Jenny Beresford-Jones examines the recent procurement policy note (PPN 07/21) on publication of information to Contracts Finder.
The new policy note (PPN 07/21) updates and replaces an older PPN (PPN 07/16). It is a helpful update that addresses some of the grey areas that have arisen in the use of Contracts Finder since it was first introduced in 2015. It also contains a useful FAQ section.
The new guidance is now divided into two parts. Part 1 has general application while Part 2 is aimed at central government authorities expressly.
Part 1 - General
Part 1 is mainly a reminder of the “Contracts Finder” obligations that are set out in the Public Contracts Regulations 2015 ("PCR 2015"), adding some helpful new clarifications.
A reminder that these obligations apply where the contract is valued at over £10,000 (central government authorities) or £25,000 (sub-central government plus NHS Trusts). The obligations apply across the public sector, with the exception of:
- authorities whose functions are devolved or mainly devolved functions of Scotland, Wales or Northern Ireland;
- procurements of health care services for the purposes of the NHS; or
- maintained schools, academies and sixth form college corporations.
The guidance reminds all in-scope authorities of the transparency obligations:
- where the authority decides to advertise the contract in some form (e.g. on the authority’s website, in a trade publication) it must also be advertised on Contracts Finder; and
- regardless of whether or not the contract was initially advertised on Contracts Finder, details of all contracts awarded over the de minimis value thresholds must be published.
The timing for this publication of contract award details to Contracts Finder is 90 calendar days after the contract award date for sub-central authorities, and 30 calendar days for central government authorities. This 30-day period has been extended from 20 days in the older version of the guidance – in order to bring the requirement into line with the obligation to publish contract award notices to the Find a Tender service (which has replaced the OJEU).
There had been some confusion around what date should be taken as the “contract award date”. Should it be the date the authority makes the decision to award the contract, or the date of actual signature? The guidance clarifies that for the purposes of calculating the time periods above, the contract award date should be taken as the date on which the contract is signed by the last contracting party. The time period for publication begins on the day following that date (and, if the period ends on a non-working day, then the authority has until the end of the next working day to comply within the timescale).
Part 2 – central government authorities
This section of the guidance is new – it applies to bodies expressly listed in Schedule 1 to the PCR 2015 but departments are encouraged to obtain compliance from their wider “families” of NDPBs and arm’s length bodies.
Details to be published
The guidance gives a steer on what should be published in terms of contract award documentation – and suggests this goes beyond the minimum requirements so as to include both the contract and also associated documents such as the specification, the terms and conditions, or other relevant schedules.

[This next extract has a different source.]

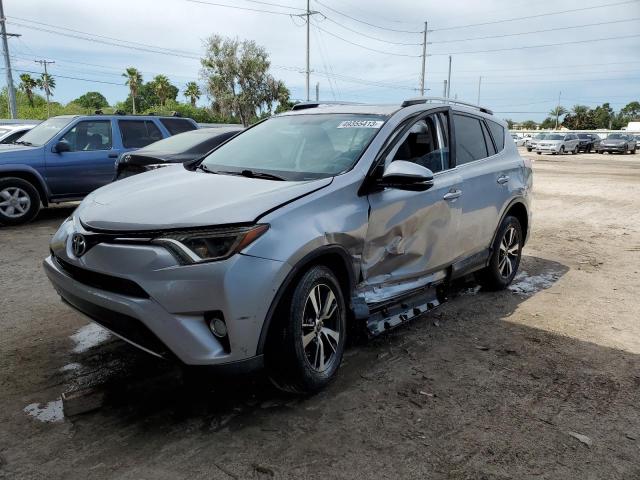 TOYOTA RAV4 XLE 2016 with VIN 2T3WFREV6GW241889 - Photo from auction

Transparency clauses and dialogue with contractor around publication
The guidance notes the importance of using transparency clauses in the procurement documents, so that bidders are aware that the authority will need to publish the information about the procurement. While the ultimate decision around publication sits with the authority, the guidance does suggest obtaining the agreement of the contractor about what will be published – and that a dialogue is held around what can be disclosed and what redacted. Subject to that, the guidance states that at a minimum the following should usually be published:
- parties, term, extension options, value
- specification, KPIs, other essential obligations
- warranties, indemnities and other legal protections (values redacted if necessary)
Exemptions and redactions
The guidance gives a helpful amplification of the sorts of information that may be reasonably withheld on the basis of one of the FOIA exemptions. For example, details of profit margins and overheads, financial information which would affect the outcome of a re-bid or future procurement, certain intellectual property details such as proprietary information about the solution being provided under the contract.

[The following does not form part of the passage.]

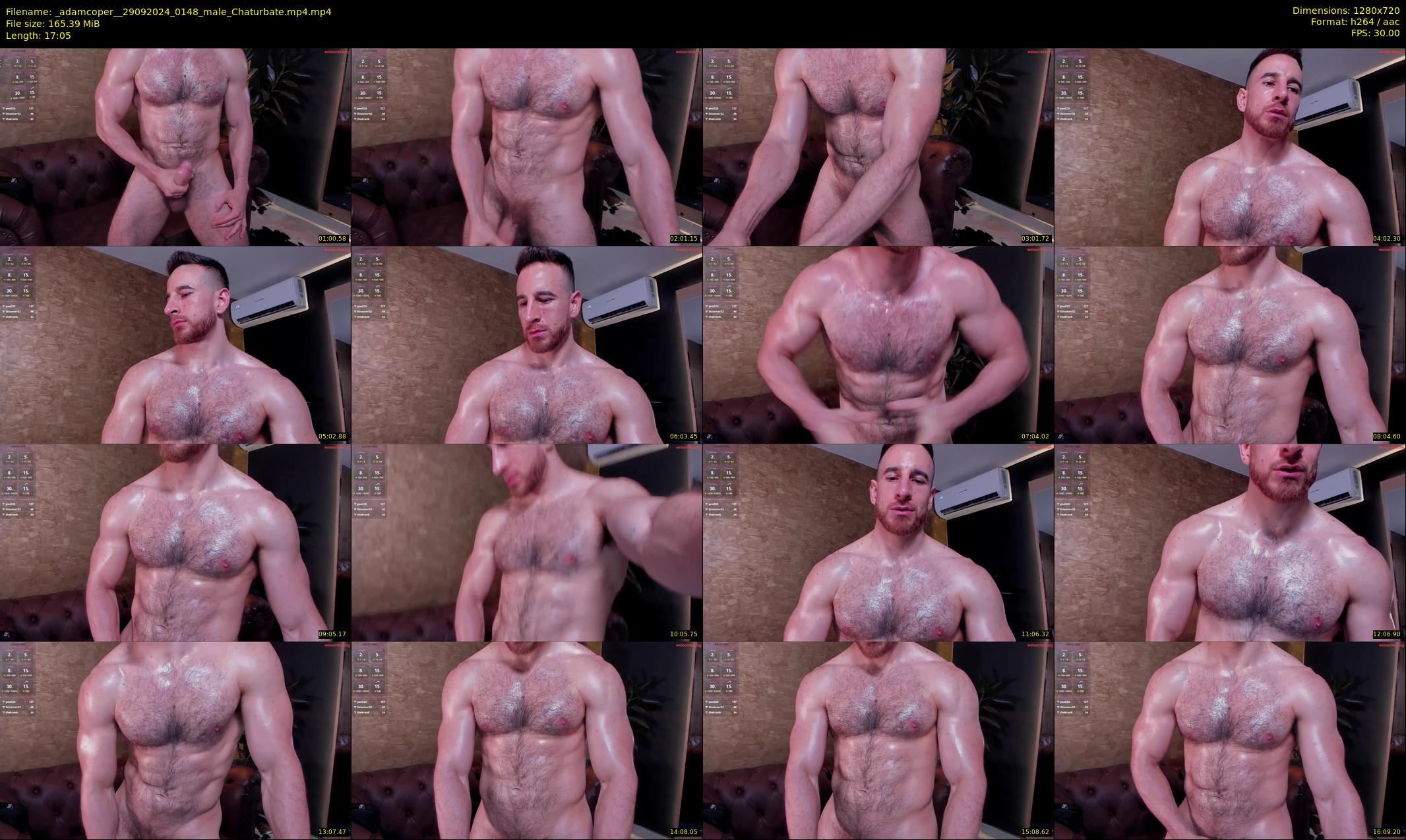 _adamcoper_ — 18 minute Chaturbate male cam show recording, 720p, Sep 29, 2024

A steer is given on how to redact appropriately – by removing information and stating the relevant FOIA exemption relied on. Authorities are reminded to make a copy before redacting (with the original being saved for departmental records).
Finally, the guidance permits contract award notices for contracts awarded under high-volume frameworks or dynamic purchasing systems to be grouped and published quarterly. If this route is being used, the authority needs to document the fact in its publication scheme, including identifying which high-volume frameworks/DPSs it intends to treat in this way.
The Annex to the guidance contains a very helpful summary of the publication requirements and also suggested approaches to some of the more tricky questions that can come up around using Contracts Finder.
For example, does a further Contracts Finder award notice need to be published where a contract is varied or extended? The FAQs state that where a modification is within the scope of changes permitted under Regulation 72 then no new award notice need be published (as the change does not result in a new contract being formed). Where a new contract is formed, then this new contract is of course subject to all the publication requirements discussed above.
Another question addressed is the situation where services are commenced prior to the signature of the contract; what is correct “Contract Award Date” for the purposes of calculating timescales for publication? The guidance suggests taking the day immediately before the commencement of service as the appropriate date in this case.
The remainder of the FAQs are similarly helpful and well worth a read.